> _INSTRUCTIONS FOR THE TASK_
Omit the images and output every line of the data below exactly.

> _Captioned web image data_
——————————
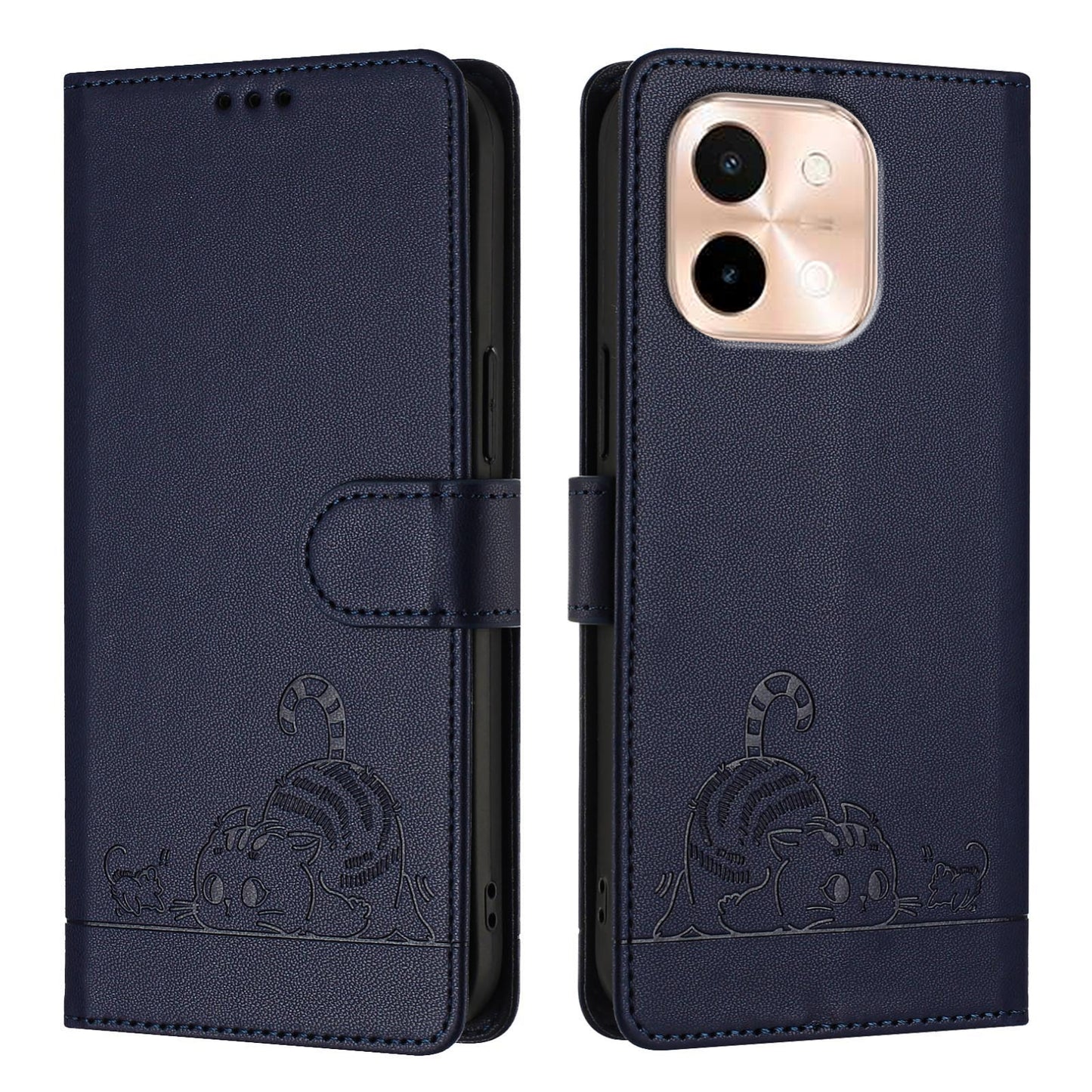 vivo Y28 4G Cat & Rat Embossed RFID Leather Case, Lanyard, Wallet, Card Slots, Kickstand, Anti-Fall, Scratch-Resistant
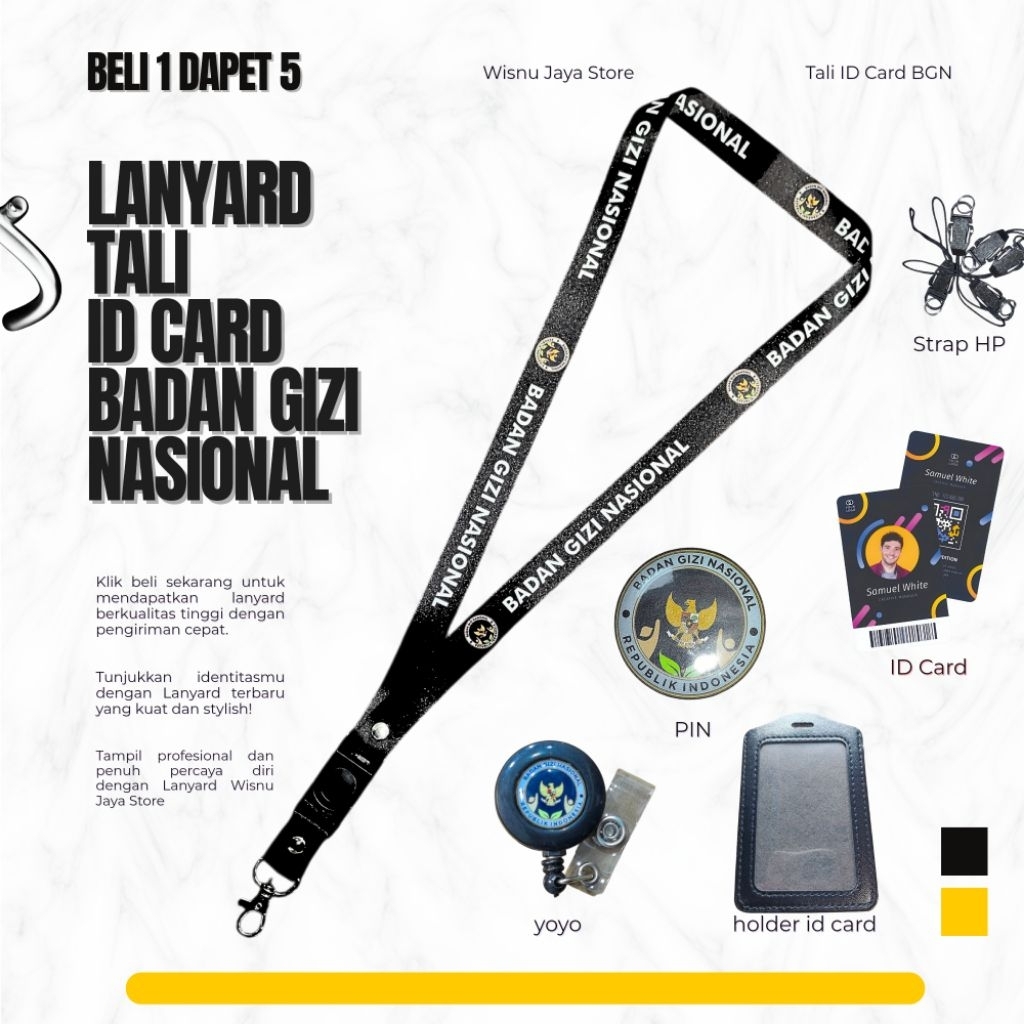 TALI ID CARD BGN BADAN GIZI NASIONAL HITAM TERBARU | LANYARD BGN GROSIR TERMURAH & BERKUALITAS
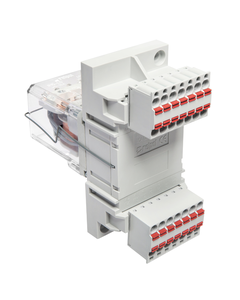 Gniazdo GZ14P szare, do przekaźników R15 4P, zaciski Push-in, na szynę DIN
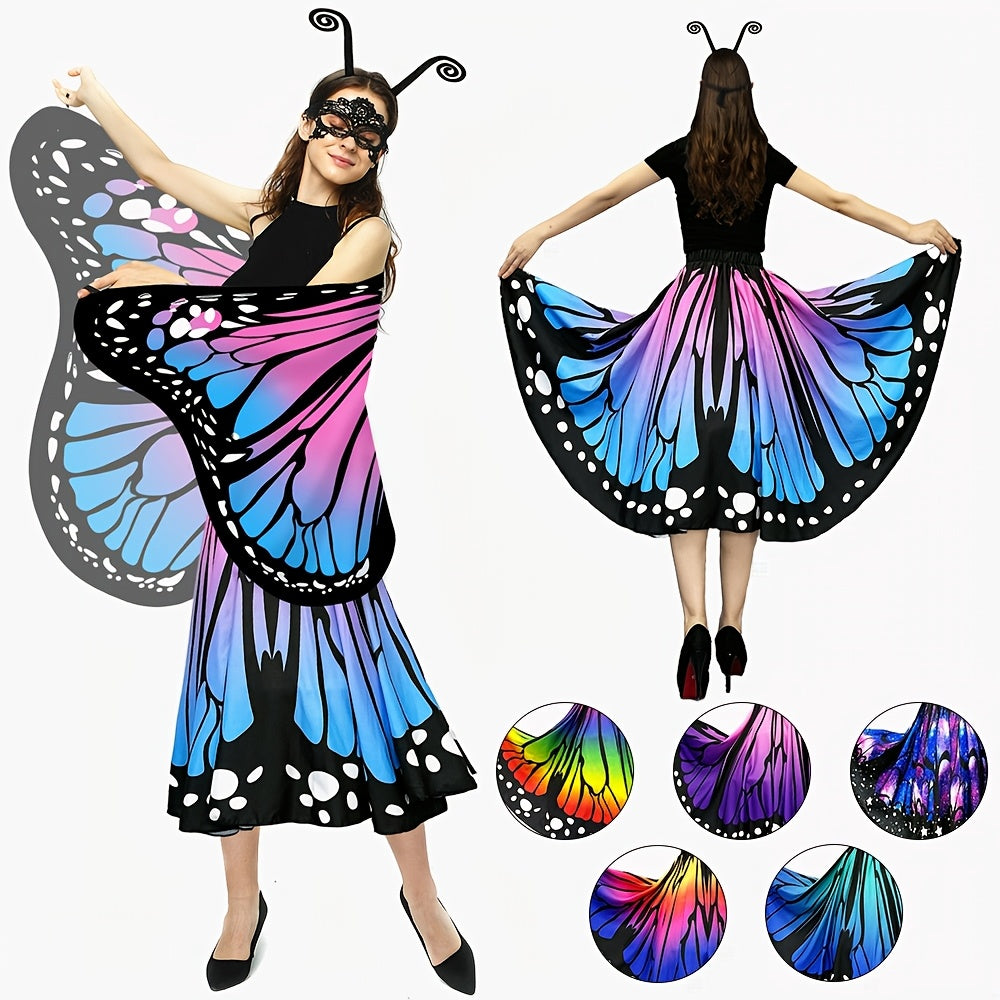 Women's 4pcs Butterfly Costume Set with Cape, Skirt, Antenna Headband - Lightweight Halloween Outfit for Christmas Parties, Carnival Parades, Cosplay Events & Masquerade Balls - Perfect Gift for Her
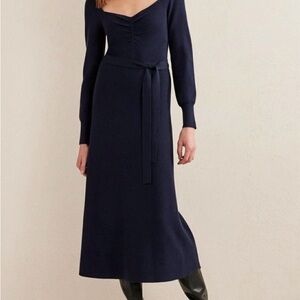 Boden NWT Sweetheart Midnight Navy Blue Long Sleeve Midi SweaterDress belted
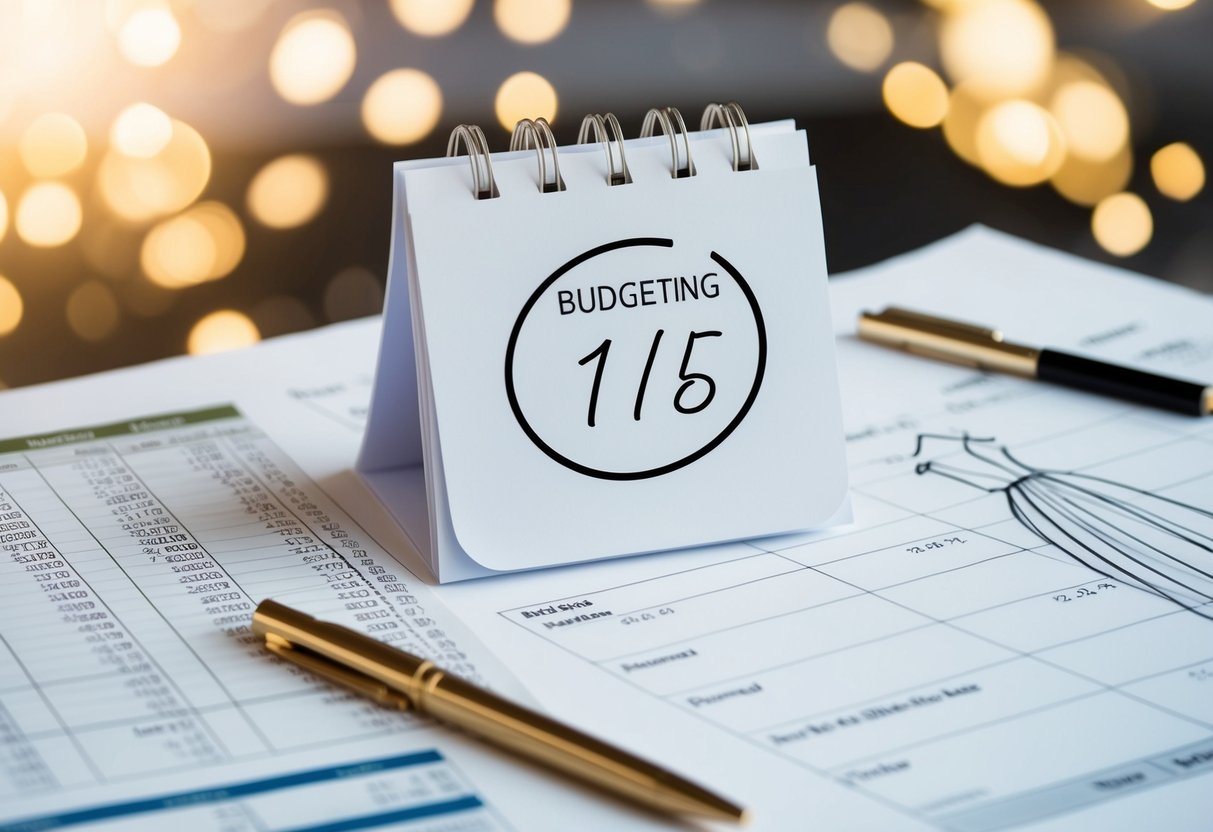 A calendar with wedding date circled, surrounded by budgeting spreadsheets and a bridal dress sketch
——————————
> _SOLUTION TO THIS EXERCISE_
 vivo Y28 4G Cat & Rat Embossed RFID Leather Case, Lanyard, Wallet, Card Slots, Kickstand, Anti-Fall, Scratch-Resistant
 TALI ID CARD BGN BADAN GIZI NASIONAL HITAM TERBARU | LANYARD BGN GROSIR TERMURAH & BERKUALITAS
 Gniazdo GZ14P szare, do przekaźników R15 4P, zaciski Push-in, na szynę DIN
 Women's 4pcs Butterfly Costume Set with Cape, Skirt, Antenna Headband - Lightweight Halloween Outfit for Christmas Parties, Carnival Parades, Cosplay Events & Masquerade Balls - Perfect Gift for Her
 Boden NWT Sweetheart Midnight Navy Blue Long Sleeve Midi SweaterDress belted
 A calendar with wedding date circled, surrounded by budgeting spreadsheets and a bridal dress sketch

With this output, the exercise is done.